II.       Landasan Teori          
Reaksi esterifikasi adalah suatu reaksi antara asam karboksilat dan alkohol membentuk ester. Turunan asam karboksilat membentuk ester asam karboksilat. Ester asam karboksilat ialah suatu senyawa yang mengandung gugus -CO2 R dengan R dapat berupa alkil maupun aril. Esterifikasi dikatalisis asam dan bersifat dapat balik (Fessenden, 1981).
Laju esterifikasi asam karboksilat tergantung pada halangan sterik dalam alkohol dan asam karboksilat. Kekuatan asam dari asam karboksilat hanya mempunyai pengaruh yang kecil dalam laju pembentukan ester (Anonim a, 2009).
Ester dihasilkan apabila asam karboksilat dipanaskan bersama alkohol dengan bantuan katalis asam. Katalis ini biasanya adalah asam sulfat pekat. Terkadang juga digunakan gas hidrogen klorida kering, tetapi katalis-katalis ini cenderung melibatkan ester-ester aromatik (yakni ester yang mengandung sebuah cincin benzen) (Clark, 2007).
Aspirin bersifat antipiretik dan analgesik karena merupakan kelompok senyawa glikosida, aspirin yang merupakan nama lain dari asam asetil salisilat dapat disintesis dari asam salisilat, yaitu  mereaksikannya dengan anhidrida asetat, hal ini dilakukan pertama kali oleh Felix Hofmann dari perusahaan Bayer, Jerman. Karena saat itu antipiretik dan  analgesik  sangat  keras terhadap sistem pencernaan. Sifat antipiretik dan analgesik yang ditemukan berasal dari senyawa salicin. salicin merupakan kelompok glikosida. Glikosida adalah senyawa yang memiliki bagian gula terikat pada non-glukosa L. Aglikon dalam sajian adalah sajian alkohol dan tereduksi sempurna menjadi asam salisilat. Asam salisilat sangat keras terhadap bibir, kerongkongan, dan perut, sehingga kimiawan felix Hoffmann yang awalnya terinspirasi oleh sakit artritis yang  diderita ayahnya, mensintesis asam asetil salisilat yang dinamakan aspirin yang ringan terhadap perut. Dengan  senyawa ini Hoffmann dapat mengobati ayahnya tanpa mengakibatkan iritasi perut yang parah seperti efek  samping obat artritis pada masa itu.  
 Aspirin dibuat dengan mereaksikan asam salisilat dengan anhidrida asam asetat menggunakan katalis H2SO4 pekat sebagai zat penghidrasi. Asam salisilat adalah asam bifungsional yang mengandung dua gugus –OH dan –COOH. Karenanya asam salisilat ini dapat mengalami dua jenis reaksi yang berbeda.Dengan anhidrida asam asetat akan menghasilkan aspirin,

Sedangkan reaksi dengan methanol akan menghasilkan metil salisilat.                        
Aspirin yang terjadi dapat bereaksi dengan NaHCO3­ membentuk garam natrium yang larut dalam air, sedangkan hasil samping berupa polimer tidak larut dalam bikarbonat. Perbedaan sifat ini digunakan untuk pemurnian aspirin.
Asam asetat dengan nama sistematik asam etanoat, CH3COOH, merupakan cairan tidak berwarna, berbau  tajam, dan berasa asam. Asam asetat larut dalam air dan pelarut organik lainnya. Di dalam air, asam asetat bertindak sebagai asam lemah. Asam asetat mendidih pada temperatur 118°C (245°F) dan meleleh pada 17°C (62°F).

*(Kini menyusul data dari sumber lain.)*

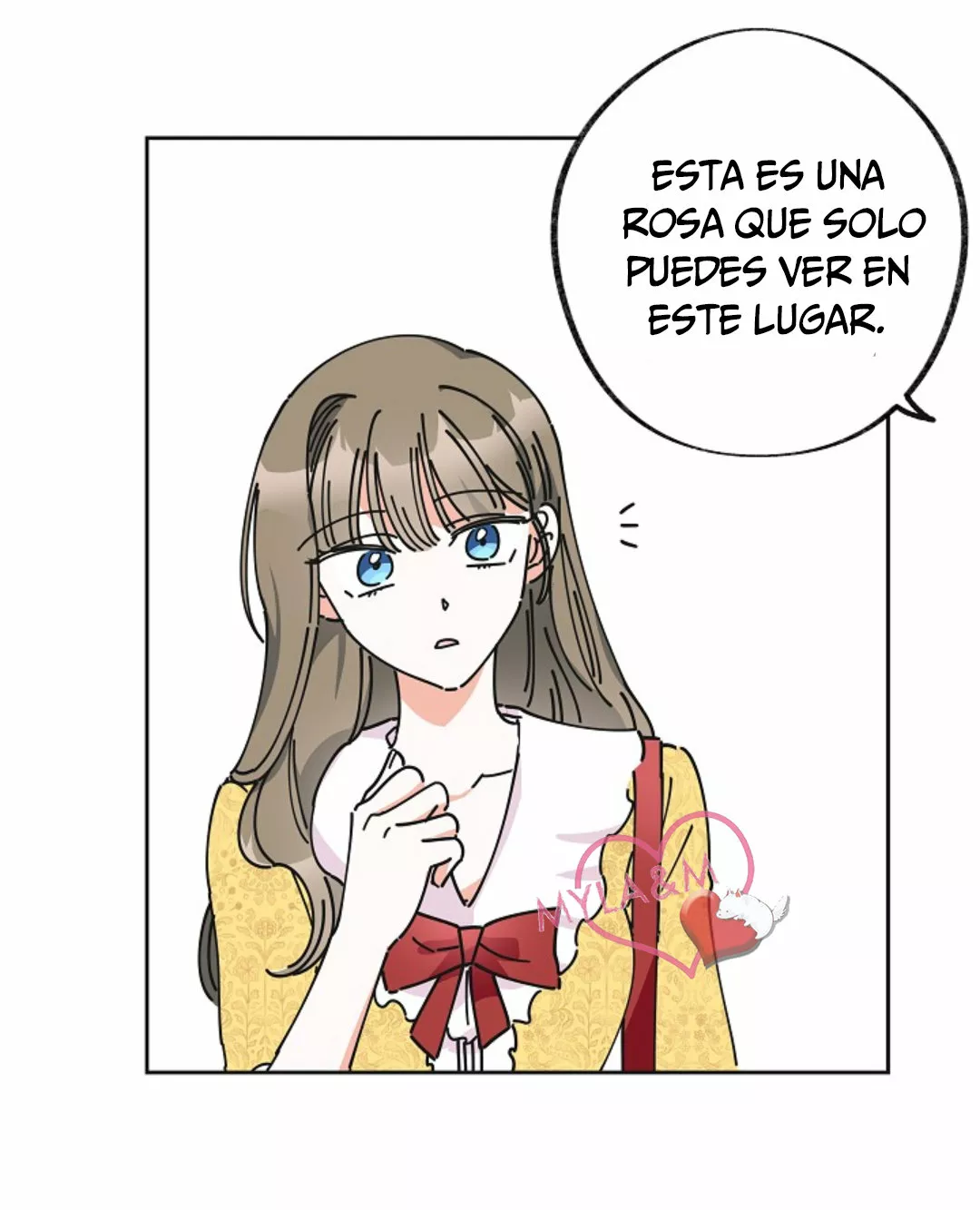 Página 52 del Manga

Asam asetat biasanya dibuat dengan memfermentasikan alkohol dengan bantuan bakteri, seperti Bacterium aceti. Untuk mendapatkan asam asetat yang berkonsentrasi tinggi, biasanya dibuat dengan oksidasi asetaldehida atau dengan mereaksikan methanol dengan karbon monoksida dengan bantuan katalis.

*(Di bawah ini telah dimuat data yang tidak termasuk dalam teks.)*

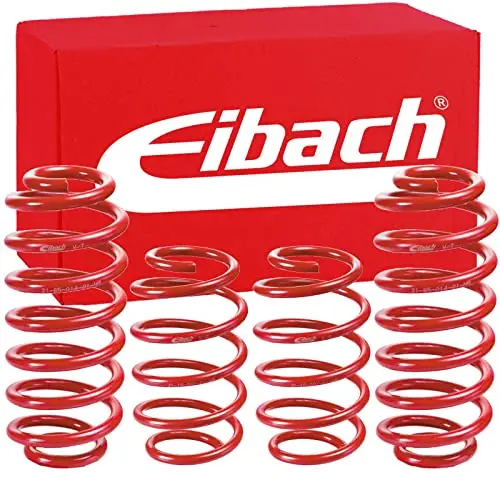Eibach E20-85-014-01-22 Tieferlegungsfedern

Asam salisilat dapat ditemukan pada banyak tanaman dalam bentuk metal salisilat dan dapat disintesa dari fenol. Asam salisilat memiliki sifat-sifat: berasa manis, membentuk kristal berwarna putih, sedikit larut dalam air, meleleh pada 158,5°C – 161°C. Asam salisilat biasanya digunakan untuk memproduksi ester dan garam yang cukup penting. Asam salisilat menjadi bahan baku pembuatan aspirin. Sintesa asam salisilat yang terkenal adalah Sintesis Kolbe.

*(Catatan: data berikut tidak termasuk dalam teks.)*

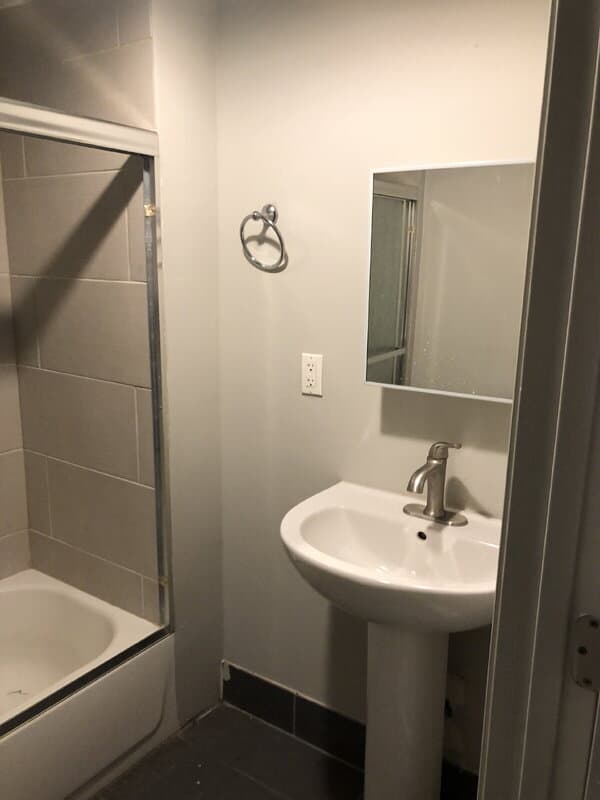 Glassport Condo: 526 Ohio Avenue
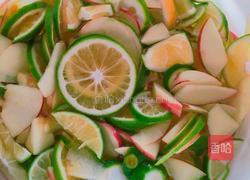 自制柠檬酵素的做法图解6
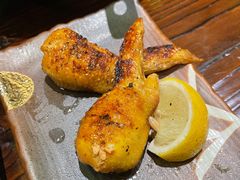 -鸟鹏烧鸟居酒屋(仁恒梦中心店)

Asam asetil salisilat atau yang lebih dikenal sekarang sebagai aspirin memiliki nama sistematik 2 – acetoxybenzoic acid. Aspirin yang merupakan bentuk salah satu aromatic asetat yang paling dikenal dapat disintesa dengan reaksi esterifikasi gugus hidroksi fenolat dari asam salisilat dengan menggunakan asam asetat. Aspirin memiliki sifat – sifat sebagai berikut : Mr = 180, titik leleh = 133,4°C, dan titik didih = 140°C.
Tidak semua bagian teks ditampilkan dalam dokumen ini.